Dexia fauchée par la crise

Publié le 05/10/2011
Banque sauvée de la faillite après le dépôt de bilan de Lehman Brothers, en 2008, par les Etats, elle s'écroule.
Dexia fauchée par la crise
Dexia fauchée par la crise
Banque sauvée de la faillite après le dépôt de bilan de Lehman Brothers, en 2008, par les Etats, elle s'écroule.

© L'Est Républicain, Mercredi le 05 Octobre 2011 / France-Monde

 

 

Panique sur les cours hier. Photo AFP

LA BANQUE franco-belge Dexia, au bord de l'asphyxie trois ans après avoir échappé à la faillite grâce à l'aide des pouvoirs publics, court droit vers un démantèlement qui ferait d'elle le premier établissement européen victime de la crise de la dette. Le scénario catastrophe, qui suscite l'inquiétude des personnels, a affolé les investisseurs et fait plonger hier l'action du groupe.

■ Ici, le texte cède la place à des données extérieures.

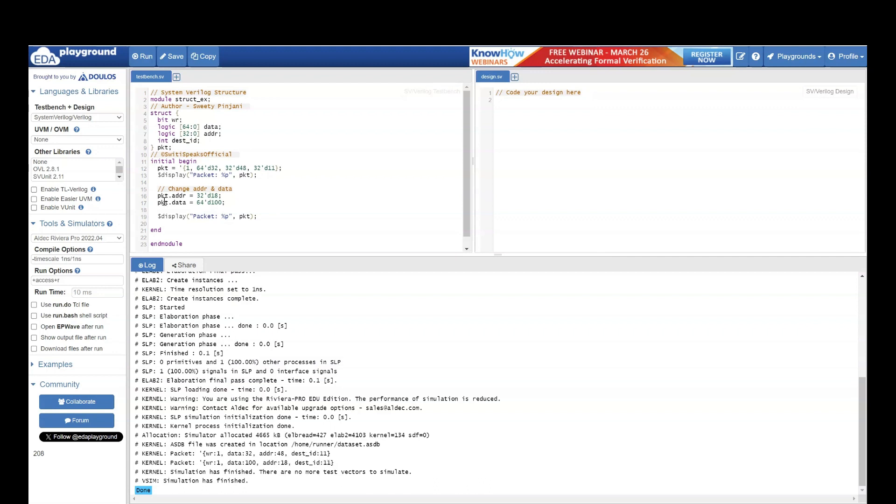Later on, I am changing the value of address and data. Address I am making 18 and data I am making 100. So if you see data is 100 and address is 18 and destination id and write remains same. This is how structure works in System Verilog.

Co-actionnaires, la France et la Belgique sont montées au créneau pour tenter d'enrayer la panique, en assurant qu'elles garantiraient avec leurs banques centrales les dépôts et le financement du groupe jusqu'à la liquidation qui se profile.

« Les Etats belge et français répondront présents comme en 2008 », a assuré le ministre français des Finances François Baroin à Luxembourg. « Tant la France que la Belgique sont prêtes à apporter une garantie pour les financements de Dexia, quelle que soit la forme que cela prendra », a renchéri son homologue belge Didier Reynders, en annonçant une réunion d'urgence du gouvernement belge dans la soirée.

Après six heures d'un conseil d'administration marathon, Dexia a ouvert la voie, dans un communiqué sibyllin publié dans la nuit de lundi à mardi, à de nouvelles cessions et alliances pour résoudre ses « problèmes structurels ». Le conseil d'administration a mandaté l'administrateur-délégué pour « préparer, en concertation avec les Etats et les autorités de contrôle, les mesures nécessaires pour résoudre (ces) problèmes ».

« L'ensemble du groupe Dexia serait à vendre », a indiqué un responsable syndical belge, à l'issue d'une réunion de représentants de la direction et du personnel de la banque à Bruxelles.

« C'est la fin d'une route. Les salariés sont inquiets », a résumé, un représentant du syndicat français CFDT au comité d'entreprise européen de Dexia.

Possibilité d'une « bad bank »

« On n'en est même pas au stade de savoir quels seront les impacts sociaux », a-t-il souligné, pointant l'absence de détails fournis par les dirigeants.

Dexia a laissé entendre qu'elle allait sans doute isoler hors de son périmètre le portefeuille de 95 milliards d'EUR d'actifs à risque dont il cherche à se délester depuis des années et qui « pèse structurellement sur le groupe ».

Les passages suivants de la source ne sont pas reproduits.